YOUR TASK
From the line containing "Miniature KIA NIRO" onward to the last line of the data below, copy each line exactly and add nothing.
-- Opening Marker --
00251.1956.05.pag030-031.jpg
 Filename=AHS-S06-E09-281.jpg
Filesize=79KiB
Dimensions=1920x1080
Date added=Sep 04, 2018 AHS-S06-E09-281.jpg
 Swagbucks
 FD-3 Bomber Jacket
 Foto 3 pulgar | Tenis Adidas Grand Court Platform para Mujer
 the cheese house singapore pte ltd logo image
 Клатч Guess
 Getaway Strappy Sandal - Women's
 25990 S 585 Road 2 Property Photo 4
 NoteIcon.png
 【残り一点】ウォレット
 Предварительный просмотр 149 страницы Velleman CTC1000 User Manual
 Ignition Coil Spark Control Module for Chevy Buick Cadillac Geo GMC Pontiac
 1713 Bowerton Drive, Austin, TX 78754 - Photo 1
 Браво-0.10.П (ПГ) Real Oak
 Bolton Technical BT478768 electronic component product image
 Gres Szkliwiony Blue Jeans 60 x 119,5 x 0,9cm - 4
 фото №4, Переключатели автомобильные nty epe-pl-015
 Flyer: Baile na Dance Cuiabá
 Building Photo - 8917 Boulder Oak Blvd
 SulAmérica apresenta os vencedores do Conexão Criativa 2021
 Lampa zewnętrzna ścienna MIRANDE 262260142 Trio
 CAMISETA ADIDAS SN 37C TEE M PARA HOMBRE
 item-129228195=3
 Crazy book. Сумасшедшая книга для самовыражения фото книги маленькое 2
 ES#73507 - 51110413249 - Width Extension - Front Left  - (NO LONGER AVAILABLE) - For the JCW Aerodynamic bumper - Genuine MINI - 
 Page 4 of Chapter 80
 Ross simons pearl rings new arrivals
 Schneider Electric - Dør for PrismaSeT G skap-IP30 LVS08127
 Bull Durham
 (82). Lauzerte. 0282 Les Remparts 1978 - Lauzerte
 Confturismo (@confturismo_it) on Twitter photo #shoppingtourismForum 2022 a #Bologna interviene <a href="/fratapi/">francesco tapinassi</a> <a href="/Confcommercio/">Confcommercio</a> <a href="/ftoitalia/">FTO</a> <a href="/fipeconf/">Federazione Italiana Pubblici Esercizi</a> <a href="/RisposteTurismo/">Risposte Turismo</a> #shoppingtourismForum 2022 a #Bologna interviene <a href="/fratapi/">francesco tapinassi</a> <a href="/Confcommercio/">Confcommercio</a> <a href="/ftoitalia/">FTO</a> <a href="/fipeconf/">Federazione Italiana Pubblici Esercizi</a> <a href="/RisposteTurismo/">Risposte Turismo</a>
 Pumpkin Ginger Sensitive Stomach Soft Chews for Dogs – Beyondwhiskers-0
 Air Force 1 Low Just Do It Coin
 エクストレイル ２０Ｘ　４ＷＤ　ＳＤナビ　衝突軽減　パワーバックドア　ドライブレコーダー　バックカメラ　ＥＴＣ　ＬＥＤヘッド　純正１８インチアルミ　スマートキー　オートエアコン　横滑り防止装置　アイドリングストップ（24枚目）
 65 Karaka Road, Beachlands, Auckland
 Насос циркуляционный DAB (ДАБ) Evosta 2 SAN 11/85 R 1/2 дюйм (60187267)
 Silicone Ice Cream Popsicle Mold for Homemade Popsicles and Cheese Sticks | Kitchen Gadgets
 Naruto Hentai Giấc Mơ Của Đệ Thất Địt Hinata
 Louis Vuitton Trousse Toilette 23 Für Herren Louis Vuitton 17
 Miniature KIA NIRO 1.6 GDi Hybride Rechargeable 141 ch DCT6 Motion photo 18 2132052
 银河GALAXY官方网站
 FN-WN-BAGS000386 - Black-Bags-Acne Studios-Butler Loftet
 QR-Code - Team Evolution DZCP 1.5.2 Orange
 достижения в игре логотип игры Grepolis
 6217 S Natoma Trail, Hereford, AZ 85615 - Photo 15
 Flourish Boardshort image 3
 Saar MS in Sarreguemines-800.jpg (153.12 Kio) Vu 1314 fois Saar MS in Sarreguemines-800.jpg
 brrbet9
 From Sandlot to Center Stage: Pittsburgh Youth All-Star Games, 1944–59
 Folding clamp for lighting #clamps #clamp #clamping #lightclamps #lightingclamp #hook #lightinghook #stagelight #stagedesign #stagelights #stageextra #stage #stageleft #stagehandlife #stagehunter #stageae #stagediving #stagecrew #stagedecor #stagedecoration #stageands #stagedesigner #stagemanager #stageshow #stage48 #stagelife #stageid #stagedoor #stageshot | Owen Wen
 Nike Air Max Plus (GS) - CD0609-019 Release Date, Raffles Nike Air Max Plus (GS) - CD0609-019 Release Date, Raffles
-- Closing Marker --
EXERCISE ANSWER
 Miniature KIA NIRO 1.6 GDi Hybride Rechargeable 141 ch DCT6 Motion photo 18 2132052
 银河GALAXY官方网站
 FN-WN-BAGS000386 - Black-Bags-Acne Studios-Butler Loftet
 QR-Code - Team Evolution DZCP 1.5.2 Orange
 достижения в игре логотип игры Grepolis
 6217 S Natoma Trail, Hereford, AZ 85615 - Photo 15
 Flourish Boardshort image 3
 Saar MS in Sarreguemines-800.jpg (153.12 Kio) Vu 1314 fois Saar MS in Sarreguemines-800.jpg
 brrbet9
 From Sandlot to Center Stage: Pittsburgh Youth All-Star Games, 1944–59
 Folding clamp for lighting #clamps #clamp #clamping #lightclamps #lightingclamp #hook #lightinghook #stagelight #stagedesign #stagelights #stageextra #stage #stageleft #stagehandlife #stagehunter #stageae #stagediving #stagecrew #stagedecor #stagedecoration #stageands #stagedesigner #stagemanager #stageshow #stage48 #stagelife #stageid #stagedoor #stageshot | Owen Wen
 Nike Air Max Plus (GS) - CD0609-019 Release Date, Raffles Nike Air Max Plus (GS) - CD0609-019 Release Date, Raffles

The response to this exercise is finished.